As government measures to slow the spread of the COVID-19 coronavirus are implemented, banks across the US have made changes to their operating procedures to protect staff and offer enhanced services to customers and clients.
Banks including Fifth Third, Wells Fargo, Truist, KeyBank, PNC, and Wintrust – as well as state and regional banks – have closed bank branches except to appointments.
Instead they have urged customers to use drive-thru services, ATMs and online and mobile banking, as they work to reduce face-to-face contact and encourage “social distancing” – one of the primary measures introduced to combat the spread of COVID-19.
Most banks have also introduced relief programs, promising to waive fees and penalties for customers facing financial hardship as a result of the pandemic.
Banks have also moved to offer loan payment and credit card payment deferrals, and have temporarily suspended all foreclosure, eviction and repossession activity.
M&T Bank has introduced a new personal loan of up to $5,000 to help customers with living expenses, with an APR of 2.99%.
KeyBank said it planned to launch a similar personal loan facility this week.
Canadian banking group CIBC has established an “expanded and dedicated call center team” to provide business lending support. It has also encouraged clients to use online and ATM services.
Valley Bank, which serves New Jersey, New York, Florida and Alabama, has increased debit and debit card and credit card limits and increased the money held in ATMs “to help ensure customers have easy access to their money”. This is alongside similar fee waivers and payment deferrals as other banks.

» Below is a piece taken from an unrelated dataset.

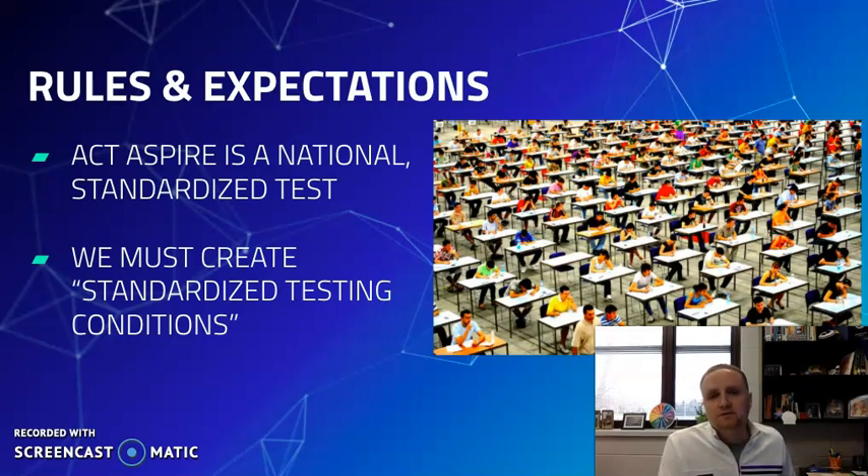Let's talk a little bit about rules and expectations. The ACT Aspire is a standardized national test, which means we have to ensure that all students here at Appleton North test in the same exact testing conditions as students who test all across the state and the nation. So there are very specific rules, procedures, and things we have to do that create the standardized testing conditions for all testers.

On March 22, Fifth Third Bank announced a special payment of up to $1,000 to staff providing essential banking services on-site throughout April and May. The payments will be made in two monthly $500 instalments.
According to a survey by JD Power and the American Bankers Association, fee waivers were the most important aspect of communications for bank customers.

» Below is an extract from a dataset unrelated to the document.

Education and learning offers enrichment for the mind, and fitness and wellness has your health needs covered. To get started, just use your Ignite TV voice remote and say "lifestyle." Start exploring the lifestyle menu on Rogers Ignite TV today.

The survey reported that 39% of customers wanted to hear about fee waivers, 35% wanted to hear about how banks were preventing disruptions, and 28% were concerned about branch safety.
More banking groups have pledged financial support to local, national and international organizations through charitable donations.
The Wells Fargo Foundation has added $175 million to its charitable donations to help non-profits and public health organisations address food, shelter, small business and housing stability.
This includes a $10 million donation to its WE Care Fund, which provides support to staff facing financial hardship.
Fifth Third announced an $8.75 million philanthropic commitment from the Fifth Third Foundation and the Fifth Third Chicagoland Foundation to aid the “immediate and long-term needs of the communities served by Fifth Third Bank”.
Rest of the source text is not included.